06 May 2015 Transcipt

E&OE TRANSCRIPT
Interview – ABC 891 Adelaide with Matthew Abraham, David Bevan and Mark Butler
Wednesday 6 May 2015

SUBJECT: Budget 2015

MATTHEW ABRAHAM: Welcome to the programme, Minister.

CHRISTOPHER PYNE: Good morning Matthew and David and Mark.

MATTHEW ABRAHAM: Mark Butler, Labor MP for Port Adelaide and Opposition environment and climate spokesman and the man who wants to be president of the ALP, welcome to the programme, Mark Butler.

MARK BUTLER: Good morning gentlemen.

MATTHEW ABRAHAM: Christopher Pyne, the signals we’re now getting is that there are going to be a lot of sweeteners in this budget and every day there’s been a story in The Australian, I think, the Federal Budget will offer higher payments to more than 120,000 retirees and ensure thousands more can keep a valuable concession card. Is this the Government now running up the white flag in the face of what was looking like a pasting at the next poll and abandoning serious budget reform?
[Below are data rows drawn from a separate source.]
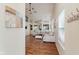 Open-concept living room with hardwood floors, comfortable seating, and stylish decor creating an inviting atmosphere at 5939 Oberlies Way, Plainfield, IN 46168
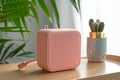 AI generated illustration of a sleek and portable bluetooth speaker in a delightful shade of pink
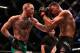 LAS VEGAS, NV - AUGUST 20: (L-R) Conor McGregor of Ireland punches Nate Diaz in their welterweight bout during the UFC 202 event at T-Mobile Arena on August 20, 2016 in Las Vegas, Nevada. (Photo by Jeff Bottari/Zuffa LLC/Zuffa LLC via Getty Images)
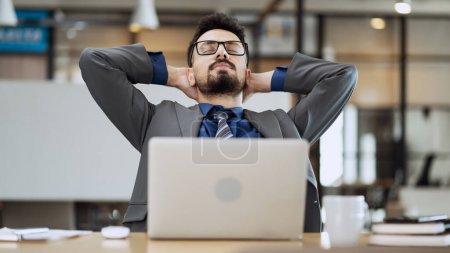 Téléchargez les photos : Homme d'affaires fatigué s'étirant dans le bureau - en image libre de droit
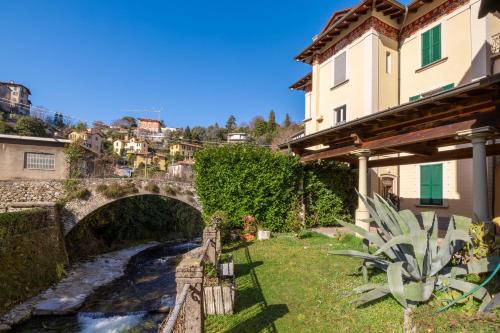 a bridge over a river next to a building at Le Acque Menaggio in Menaggio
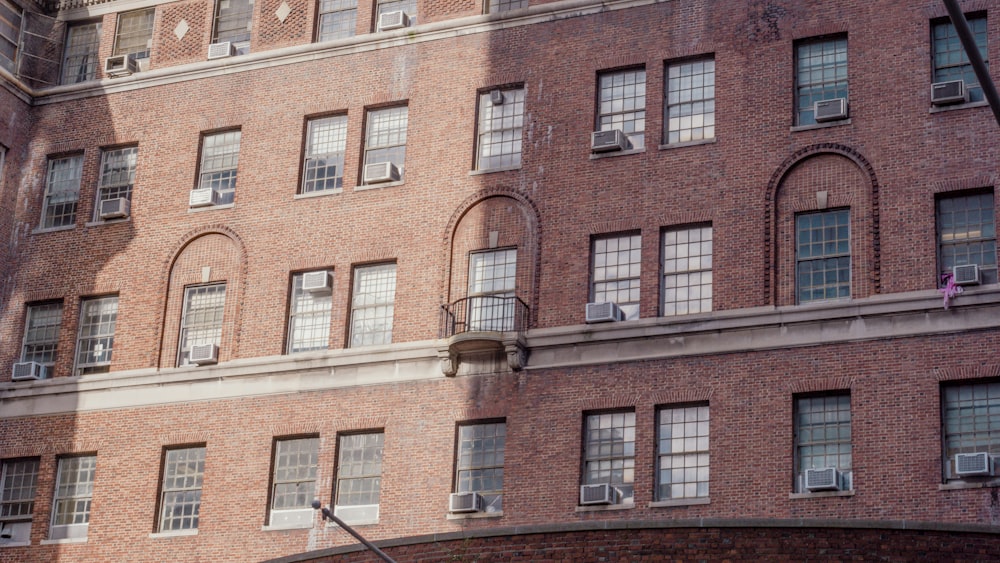 a large brick building with a clock on the front of it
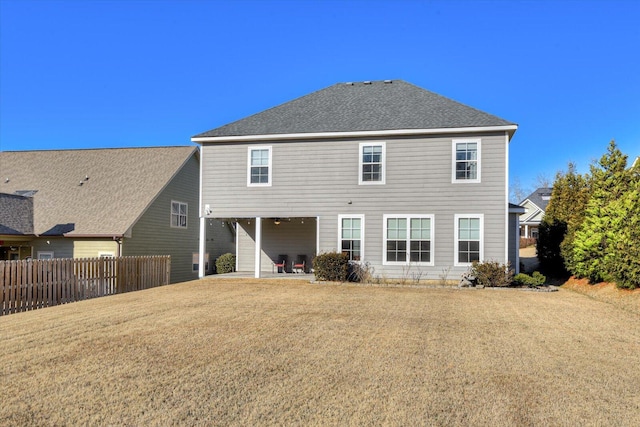 rear view of house with a yard and a patio area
CHRISTOPHER PYNE: No, not at all, it will be a prudent budget as all budgets should be, but much of the heavy lifting in terms of reducing debt and deficit and getting the Government back on more of an even keel after six years of profligate spending by Labor was done in last year’s budget. The Intergenerational Report shows over the course of the next 35 years we will reduce what would have been Labor’s debt and deficit by half so we’ve actually made a big dent in the future debt and deficit because of last year’s budget.

MATTHEW ABRAHAM: So that job’s fixed, despite the fact Joe Hockey sat in this very studio only a week or so ago and said ‘You try and get anything through the Senate with those people running it’?

CHRISTOPHER PYNE: There’s always more to be done but the truth is the budget did last year, some of it - much of it - went through, about 300 out of 400 measures went through and we have reduced Labor’s debt and deficit by half so next Tuesday’s budget, while it will be prudent, it will be also important to help strengthen the economy, create jobs and support families.

MATTHEW ABRAHAM: Can you just explain, what was the total target of savings that went to the Senate and what came out in other words, what did you achieve?

CHRISTOPHER PYNE: I can’t tell you what the total was but the $28 billion was blocked by Labor and the Greens and the crossbenchers including $5 billion of their own savings which they’d proposed in government which was kind of bizarre by the Labor Party but the effect of what we have managed to achieve in terms of not creating new spending measures –

MATTHEW ABRAHAM: So you know what they blocked but you don’t know what you got through.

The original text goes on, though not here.